Mountain Rescue: Hunting season ramps up, a busy time for search and rescue
Big game hunting season started last month with archery season. Muzzleloaders get their chance starting Sept. 9 and rifle season starts in October.
Between now and Thanksgiving, hundreds of thousands of hunters will head for the Colorado backcountry to stalk elk, deer, moose and other big game species.
Hunting season is a busy time for mountain rescue volunteers. With all those hunters in the woods the chance of wilderness search and rescue situations is naturally higher. Only hikers outnumber hunters as the subjects of search and rescue incidents in Colorado.
Grand County Search and Rescue had our first 2017 hunter incident last weekend. An archery hunter broke his ankle at 11,800 feet near Mt. Nystrom in the Vasquez Peak Wilderness. The closest road was Jones Pass, in Clear Creek County. Fortunately, Flight for Life was able to extricate him, averting a difficult overnight ground operation.
There are all sorts of ways hunters can get in trouble; broken bones, twisted knees, lacerations, hypothermia.

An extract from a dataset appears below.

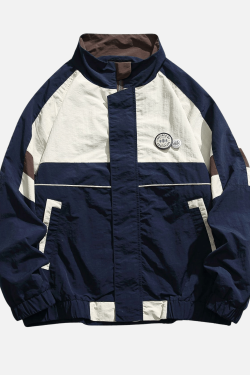 Style Core Aesthetics, New Style Trends Colorblock Stand Collar Jacket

Hunters have the same baseline risks as anyone in the backcountry, maybe more when you consider firearms, knives and arrows. In 2015, an archery hunter accidently impaled himself in his thigh with a hunting arrow. Besides the serious medical issue, he required a litter evacuation on a steep slope with down trees, at night, in the rain.
Illness can also become a problem. Hunters may not be physically prepared for the rigors of hunting camp, we have had several hunters die of heart attacks. Two years ago a Minnesota hunter was found 200 yards from camp after a four-day search in Routt County. He had died of acute mountain sickness, also known as altitude sickness.

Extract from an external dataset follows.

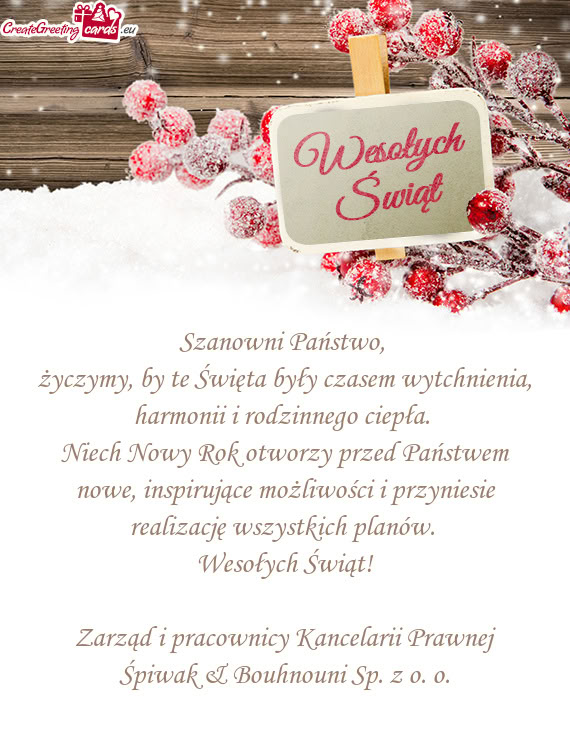 Życzymy, by te Święta były czasem wytchnienia, harmonii i rodzinnego ciepła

Hunters sometimes get lost. Rescuing a subject from a known location is exponentially easier then rescuing a subject who’s lost or unable to communicate. Adding the search element increases the complexity of the operation and almost always compounds the survival problems for the subject. Many of our most intensive searches are for hunters. Several years ago, in Corral Creek, we had a hunter who got caught out after dark. He made a number of bad moves including heading towards “headlights” that were really the rising moon and traveling randomly during the day. He started a fire each night, then put it out before moving his position. He was found after five days over in Wheatley Creek by a Blackhawk helicopter. When I interviewed him he proudly showed me the tiny Cracker Jack toy compass he was using.

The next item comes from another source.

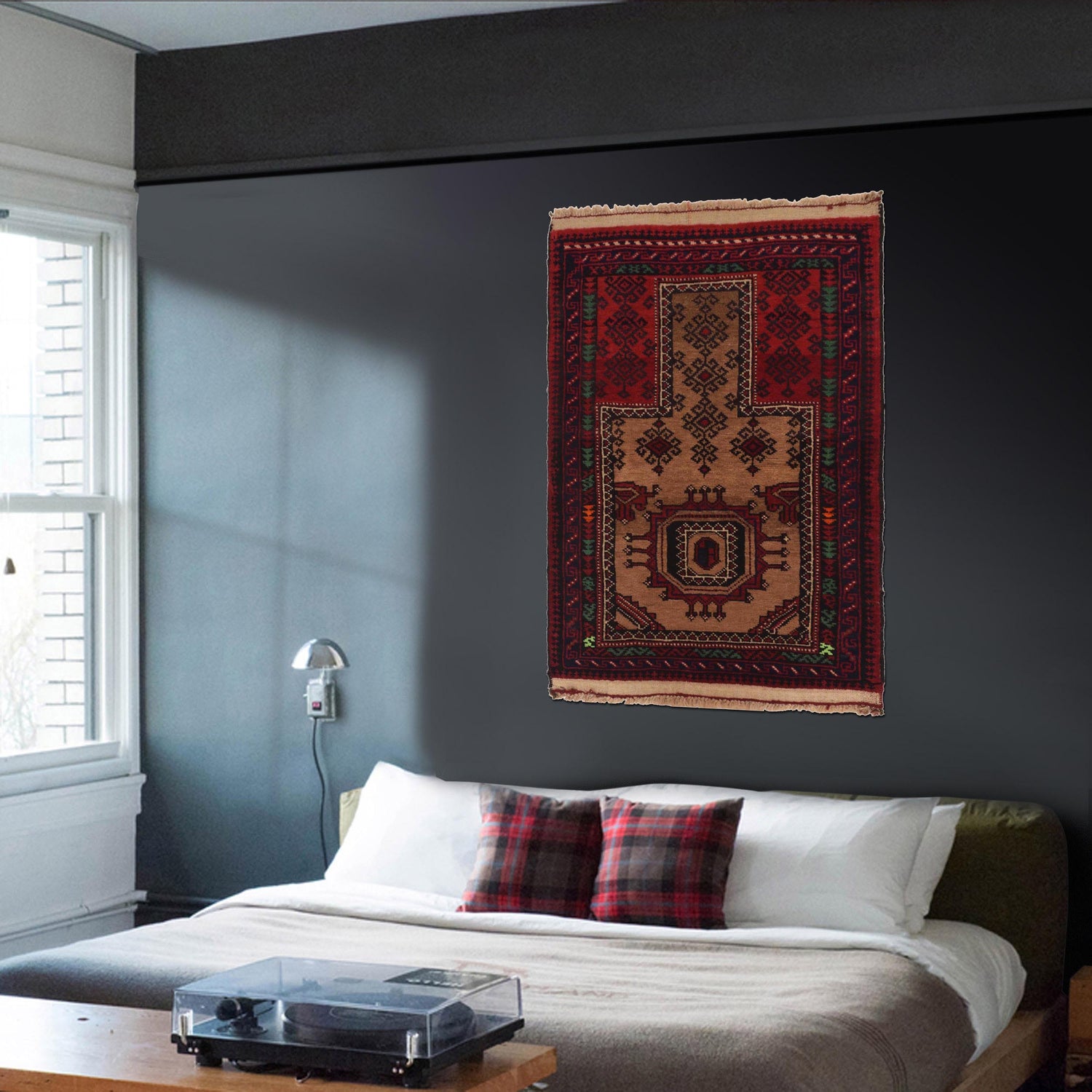 Baluchi Rug Handmade Multi Prayer Design 2x4 ft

Hunters as a group are usually pretty well prepared for a simple day hike in the forest. It’s when something doesn’t go as planned that they often need search and rescue. A simple Injury, accident or illness in the backcountry can turn into an emergency. Since hunters are most often solo in the woods, being self-sufficient is critical.
As with any backcountry traveler, we recommend carrying basic survival gear which includes proper clothing. Wool or synthetic clothing maintains its insulating properties when wet, while cotton draws heat from your body and takes a long time to dry. The ability to make a fire or shelter, to navigate with a map, compass or GPS and illuminate the forest at night will increase survivability. Hunters who become lost don’t die from thirst or starvation. They die from exposure.
According to case studies of lost hunters, only 40 percent are adequately equipped for their emergency situation. Besides injuries, accidents and illness, weather and darkness play a large role. With 18 percent of lost hunters, weather played a major factor. Darkness was a contributor in 33 percent of lost hunter cases.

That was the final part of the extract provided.